By Peg Healy
After Berkeley Tuolumne Camp tragically burned down last summer, the City of Berkeley hired some BTC staffers and created three sessions of a family camp program at its smaller camp at Echo Lake, near South Lake Tahoe. This camp has charms of its own. Here are my top ten:
1. Afternoon thunderheads and little sprinkles of rain. So there’s hardly any red dust on your toes and everything else you own. And plenty of wildflowers among the cabins and pines!
2. The jaw-dropping view of Lake Tahoe from the Rec Hall, the volleyball court, some fortunate cabins, and the green Adirondack chairs built by the Friends of Berkeley Tuolumne Camp.
3. The camp is relatively flat and easy to walk.
4. The program is smaller: 25 cheery staffers and 130 campers, compared to 60 staffers and 250 campers at Tuolumne Camp. Somehow smaller is even friendlier. The Dining Hall is quiet enough to actually converse with your table mates or chat with folks in the buffet line.

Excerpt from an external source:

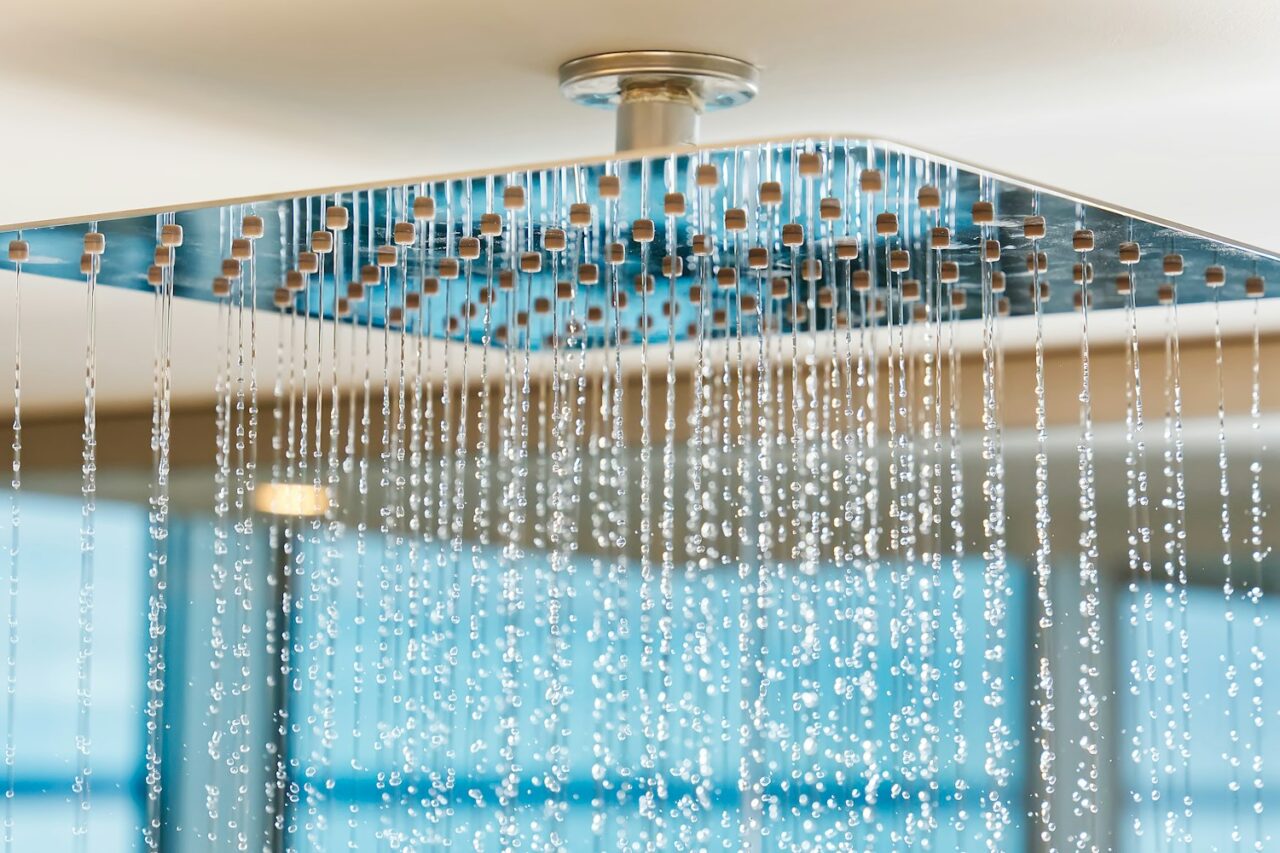 Water flows from the tropical shower. Large water consumption. Chrome shower head, modern design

5. The food is better than I remember: Lunch was turkey, veggie, or beef burgers; dinner was tri-tip with rosemary potatoes, penne pasta, plus a salad bar; breakfast was cheesy eggs, sausage, melon, and hot oatmeal.
6. Tuolumne Camp tradition is alive, with silly songs and chants, Kiddie Kamp, the staff show, Theme Days, Bingo Night, sports tournaments, arts & crafts, nature hikes, tie-dye, and more.
7. There’s plenty to do besides relax. Volleyball, badminton, archery, table tennis or bocce ball, anyone? The lifeguards are hoping to reopen their pool soon. Berkeley Camp keeps canoes at the Echo Lake Marina, a short walk down the road, where you can fish or ride in a water taxi. Hiking is at your doorstep on the Pacific Crest Trail and in the Desolation Wilderness. Birders have already spotted flickers, sapsuckers, woodpeckers, tanagers…. Campers have donated what looked like about 50 board games.
8. They’ve got a real recycling program now for bottles and cans. Also metal food lockers for campers’ snacks, to keep the local ground squirrels (and black bears) out of your tent cabin.
9. The canvas tent tops look new. Many cabins have decks, with wooden picnic tables and seats nearby in the trees. Our cabin had eight built-in bunks with mattresses, but no electricity.
10. Short showers are encouraged, to save water, but they’ve got flush toilets and the nicest porta-potties ever. Seriously. These port-potties are so clean they’re poetic.